FPGA vs SoC: Which is Better for Your Embedded Application?
Posted on April 28, 2026
Powerful embedded PCs that use the latest Intel or AMD chips are useful, but also unnecessary for many applications. There are many specialized tasks that do not require that kind of power, but rather a more efficient system, both in terms of the cost and operating energy.
Once this need was met by ASIC systems, containing hardware specially designed for a single purpose. But scaling up ASICs is hard, as they are too hyperspecialized and cannot be repurposed into different tasks on demand. Nowadays, the best option for efficient embedded computers is an FPGA or an SoC. Let’s discuss what these mean and how they differ in detail.

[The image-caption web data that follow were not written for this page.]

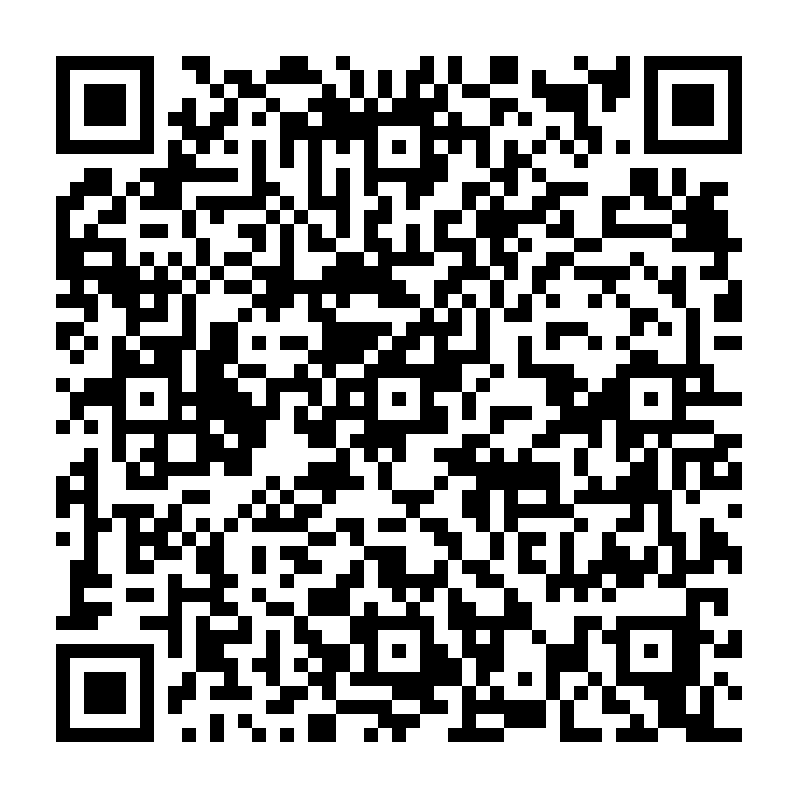 QR код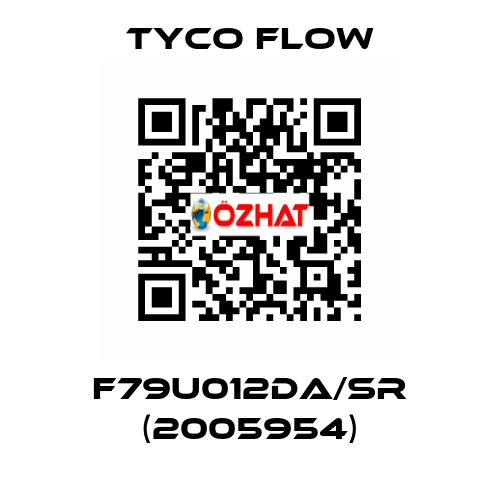 F79U012DA/SR (2005954) TYCO FLOW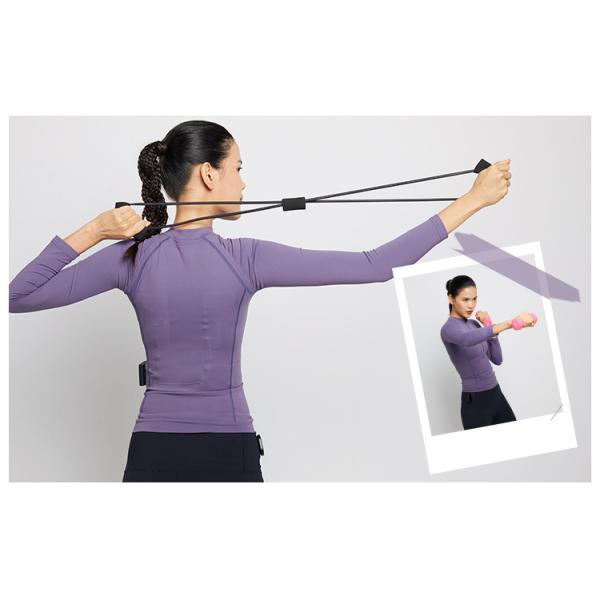 Waist Training SML size Gym Outfit Sets / Wireless EMS Ladies Workout Clothes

FPGA: The Successor to ASICs
At the heart of any chip is the integrated circuit. This is the basic building block of computer circuits, with multiple ICs combined in various ways to create logic gates, which are then combined in turn to create complex processors.
The CPU used in a normal computer is designed as a general-purpose processor, capable of handling a variety of requests. But it is also possible to fabricate a processor with a specialized function, requiring fewer logic gates, cutting down the cost of production and the power it requires. This is exactly what an ASIC, or Application Specific Integrated Circuit, is.
The problem is that fabricating hundreds of chips for a single purpose can be a bad investment, because no changes can be made once manufactured. This also means that new chips need to be designed and manufactured for every single use case, which introduces another difficulty. Field Programmable Gate Array, or FPGA, was conceptualized to solve this problem.
FPGA is simply a chip fabricated with plenty of logic gates and memory blocks, but without a pre-set architecture. Instead, you can set the configuration for the chip using a low-level Hardware Description Language (HDL), making it customizable for any type of application. This means FPGAs are easier to mass produce, as they can be turned into the specific chips for any task.
SoC: The Complete Package
A standard computing board is assembled from various components. The CPU needs to be paired with memory, a GPU, and networking functionality. Sometimes these features are part of the motherboard, while other times they require dedicated components, driving up the cost and complexity of the board.
System on Chip or SoC is a type of integrated circuit that combines a processor with all the components it needs on a single chip. This means the CPU, GPU, I/O, storage controller, network controller – everything is fabricated on one chip.
Not only does this make the resultant system more efficient, it also makes it more inexpensive. The existence of all the components that need to communicate on the same chip means that the system just needs to connect with storage and memory to be a completely functioning computer.
SoCs are thus used in embedded and mobile systems to give quickly deployable boards that use very little power and are not held back by any performance limitations.
So, Which One is Better?
On a cursory glance, FPGA and SoC might seem like similar things, but they fulfill very different roles. An FPGA with a processor can handle highly specialized tasks, including a variety of interfaces for industrial processes. An SoC, on the other hand, provides great power efficiency, ideal for small systems that need to have low maintenance overhead.
A boards like the LV-6717, for example, is a small form factor board that comes with an FPGA + processor design, giving you a fully programmable digital interface along with the power of an Intel chip. The result is a powerful industrial computer that can fit in many scenarios.
Then there is something like the IB2-281, using an efficient Intel N processor to drive an SoC configuration. It packs a range of interfaces, including network ports like LAN in this one tiny board, along with a fully featured computer that can handle most tasks.
The first is better for automation or HMI applications, while the second is best for IoT and other such scalable deployments. This means both FPGA and SoC have a role to play for different types of embedded computers.